Denkbare Anwendungsfälle sind die einfache Wegbeschreibung zu einer Bankfiliale oder Händler, aber auch Dinge wie die Erinnerung an bestimmte finanzielle Events (Steuererklärung abgeben, Kreditberatung vereinbaren) können in Marketing-Mails oder Webseiten genutzt werden, um den Nutzer mehr Bequemlichkeit zu bieten. Siri Event Suggestions können nicht in Apps genutzt werden bzw. dort nur über den Umweg einer Webseite.
ARKit
Das ARTKit wurde mit vielen neuen Funktionen angereichert, z.B. mit Location Anchors, welche eine verfeinerte Standortfunktion bieten. Bisher gibt es zwar einige AR-Apps, die meisten aber in der Kategorie Spiele.
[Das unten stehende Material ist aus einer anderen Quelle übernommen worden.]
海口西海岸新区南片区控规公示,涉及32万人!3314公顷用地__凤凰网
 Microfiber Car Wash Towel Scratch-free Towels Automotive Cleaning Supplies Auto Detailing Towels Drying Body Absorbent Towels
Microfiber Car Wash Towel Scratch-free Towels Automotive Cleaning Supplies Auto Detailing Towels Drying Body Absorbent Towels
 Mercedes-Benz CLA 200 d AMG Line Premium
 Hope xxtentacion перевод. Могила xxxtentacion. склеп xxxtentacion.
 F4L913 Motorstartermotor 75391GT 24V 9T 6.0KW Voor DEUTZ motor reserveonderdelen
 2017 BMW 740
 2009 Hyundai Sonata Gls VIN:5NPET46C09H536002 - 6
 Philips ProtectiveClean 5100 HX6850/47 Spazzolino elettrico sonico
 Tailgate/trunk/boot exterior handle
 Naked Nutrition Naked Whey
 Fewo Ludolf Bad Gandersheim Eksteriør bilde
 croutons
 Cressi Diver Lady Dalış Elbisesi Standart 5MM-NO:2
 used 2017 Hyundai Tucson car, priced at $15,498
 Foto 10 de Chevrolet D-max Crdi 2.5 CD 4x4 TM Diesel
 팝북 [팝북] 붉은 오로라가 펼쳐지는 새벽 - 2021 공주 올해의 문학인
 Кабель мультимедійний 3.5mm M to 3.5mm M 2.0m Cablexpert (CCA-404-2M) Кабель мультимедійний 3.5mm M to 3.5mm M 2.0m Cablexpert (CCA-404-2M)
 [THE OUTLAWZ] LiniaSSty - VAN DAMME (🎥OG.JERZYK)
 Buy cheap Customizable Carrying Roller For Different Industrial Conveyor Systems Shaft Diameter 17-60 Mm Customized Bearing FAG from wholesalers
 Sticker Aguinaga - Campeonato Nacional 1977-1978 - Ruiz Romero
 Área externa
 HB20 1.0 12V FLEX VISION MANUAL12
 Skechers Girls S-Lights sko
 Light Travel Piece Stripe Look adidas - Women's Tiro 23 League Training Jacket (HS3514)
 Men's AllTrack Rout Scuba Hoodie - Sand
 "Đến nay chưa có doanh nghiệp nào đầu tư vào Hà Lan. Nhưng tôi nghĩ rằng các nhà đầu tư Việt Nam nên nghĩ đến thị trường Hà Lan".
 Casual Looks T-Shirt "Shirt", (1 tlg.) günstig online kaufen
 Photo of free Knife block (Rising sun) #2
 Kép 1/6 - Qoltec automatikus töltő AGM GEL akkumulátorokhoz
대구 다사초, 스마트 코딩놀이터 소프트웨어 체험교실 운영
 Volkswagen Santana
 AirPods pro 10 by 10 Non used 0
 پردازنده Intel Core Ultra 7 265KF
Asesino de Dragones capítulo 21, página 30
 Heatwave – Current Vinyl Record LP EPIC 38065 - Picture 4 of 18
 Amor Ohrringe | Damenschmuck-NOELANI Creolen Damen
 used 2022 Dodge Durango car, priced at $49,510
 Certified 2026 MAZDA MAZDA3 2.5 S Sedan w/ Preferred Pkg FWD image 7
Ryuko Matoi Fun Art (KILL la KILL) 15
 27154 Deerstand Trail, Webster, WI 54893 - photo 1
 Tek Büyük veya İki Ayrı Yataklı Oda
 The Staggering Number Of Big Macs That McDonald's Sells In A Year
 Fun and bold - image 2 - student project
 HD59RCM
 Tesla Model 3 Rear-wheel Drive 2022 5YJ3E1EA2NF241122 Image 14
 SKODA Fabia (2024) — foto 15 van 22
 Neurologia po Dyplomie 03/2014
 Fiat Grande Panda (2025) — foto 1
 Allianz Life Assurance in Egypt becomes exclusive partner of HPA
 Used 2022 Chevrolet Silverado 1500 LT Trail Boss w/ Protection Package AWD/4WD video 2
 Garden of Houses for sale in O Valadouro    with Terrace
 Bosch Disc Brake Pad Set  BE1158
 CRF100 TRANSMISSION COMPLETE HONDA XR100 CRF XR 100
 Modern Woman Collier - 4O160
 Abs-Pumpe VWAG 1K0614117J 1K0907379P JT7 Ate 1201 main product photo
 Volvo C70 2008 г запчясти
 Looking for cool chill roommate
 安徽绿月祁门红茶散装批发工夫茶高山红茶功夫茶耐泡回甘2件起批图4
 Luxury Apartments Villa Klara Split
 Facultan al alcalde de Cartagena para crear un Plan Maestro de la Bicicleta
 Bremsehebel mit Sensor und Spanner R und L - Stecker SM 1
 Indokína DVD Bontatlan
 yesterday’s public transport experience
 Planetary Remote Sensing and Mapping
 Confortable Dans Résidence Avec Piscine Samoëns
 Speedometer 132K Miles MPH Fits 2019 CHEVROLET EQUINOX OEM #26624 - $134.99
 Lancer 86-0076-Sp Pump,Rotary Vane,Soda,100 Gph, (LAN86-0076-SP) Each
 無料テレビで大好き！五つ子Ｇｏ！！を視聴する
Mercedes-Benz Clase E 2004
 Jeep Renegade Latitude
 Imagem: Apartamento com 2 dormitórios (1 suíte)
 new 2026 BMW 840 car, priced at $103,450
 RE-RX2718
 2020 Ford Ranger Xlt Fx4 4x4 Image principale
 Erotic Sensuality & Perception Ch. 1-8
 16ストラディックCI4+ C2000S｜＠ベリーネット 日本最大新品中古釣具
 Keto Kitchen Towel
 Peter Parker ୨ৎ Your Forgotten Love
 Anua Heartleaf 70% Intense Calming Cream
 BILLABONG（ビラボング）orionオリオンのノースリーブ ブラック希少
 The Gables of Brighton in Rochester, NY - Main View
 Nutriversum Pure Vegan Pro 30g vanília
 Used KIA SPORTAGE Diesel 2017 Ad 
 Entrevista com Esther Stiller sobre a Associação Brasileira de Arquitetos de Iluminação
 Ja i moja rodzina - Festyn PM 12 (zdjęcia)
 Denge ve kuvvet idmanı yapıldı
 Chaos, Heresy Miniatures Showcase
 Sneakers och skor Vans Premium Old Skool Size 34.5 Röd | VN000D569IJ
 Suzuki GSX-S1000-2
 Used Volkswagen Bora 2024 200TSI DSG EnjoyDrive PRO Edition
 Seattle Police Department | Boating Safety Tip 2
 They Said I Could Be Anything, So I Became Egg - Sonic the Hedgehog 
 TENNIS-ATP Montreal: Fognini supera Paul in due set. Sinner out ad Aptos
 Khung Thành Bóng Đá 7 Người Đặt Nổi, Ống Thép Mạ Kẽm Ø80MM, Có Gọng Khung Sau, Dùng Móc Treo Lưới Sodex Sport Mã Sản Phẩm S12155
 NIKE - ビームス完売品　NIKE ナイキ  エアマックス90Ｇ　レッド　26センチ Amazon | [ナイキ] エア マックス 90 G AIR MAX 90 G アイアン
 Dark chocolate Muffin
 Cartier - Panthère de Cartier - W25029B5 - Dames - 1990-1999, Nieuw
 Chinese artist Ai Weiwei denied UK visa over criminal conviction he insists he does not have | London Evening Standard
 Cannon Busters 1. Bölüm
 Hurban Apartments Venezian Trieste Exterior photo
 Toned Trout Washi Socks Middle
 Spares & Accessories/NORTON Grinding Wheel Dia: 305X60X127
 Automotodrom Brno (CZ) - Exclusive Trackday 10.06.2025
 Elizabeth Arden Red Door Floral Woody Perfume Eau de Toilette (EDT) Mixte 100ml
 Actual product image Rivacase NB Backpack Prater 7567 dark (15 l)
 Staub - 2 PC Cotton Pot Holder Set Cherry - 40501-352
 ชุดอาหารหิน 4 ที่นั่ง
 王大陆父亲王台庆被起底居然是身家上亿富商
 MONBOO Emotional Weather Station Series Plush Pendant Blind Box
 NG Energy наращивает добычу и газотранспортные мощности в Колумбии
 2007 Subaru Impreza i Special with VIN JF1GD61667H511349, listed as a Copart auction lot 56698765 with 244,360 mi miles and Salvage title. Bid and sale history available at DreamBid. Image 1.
Ikea nutzt z.B. ARKit, um den Nutzer virtuelles Möbelrücken zu ermöglichen, aber noch gibt es wenig ARKit Apps außerhalb von Spielen. Dabei könnte man ARKit nutzen, um zum Beispiel eine virtuelle Bank-Filiale ins Wohnzimmer zu holen, für Finanz-Education oder um Auswertungen mal anders als langweiliges Balkendiagramm anzuzeigen. Auch kann AR benutzt werden um die Girocard oder Kreditkarte mit Zusatzfunktionen zu versehen, wie das Konzeptvideo des Product Designers Volodymyr Kurbatov zur Apple Card zeigt. Das ARKit gehört zu denen am meisten vernachlässigten Möglichkeiten um Banking oder Finanztransaktionen etwas weniger langweilig darzustellen.
Fazit
Wie jedes Update bietet auch iOS14 einige neue Funktionen. Sicherlich muss man nicht jedes Feature sofort adaptieren, aber manche der neuen Möglichkeiten bieten sich an um den NutzerInnen mehr Komfort oder mehr Nutzen zu stiften. Wünschenswert wären generell mehr Entwicklungsfreude und weniger “von der Stange”-Apps. Das gilt für Payment- und Banking-Apps, egal ob für Android oder iOS.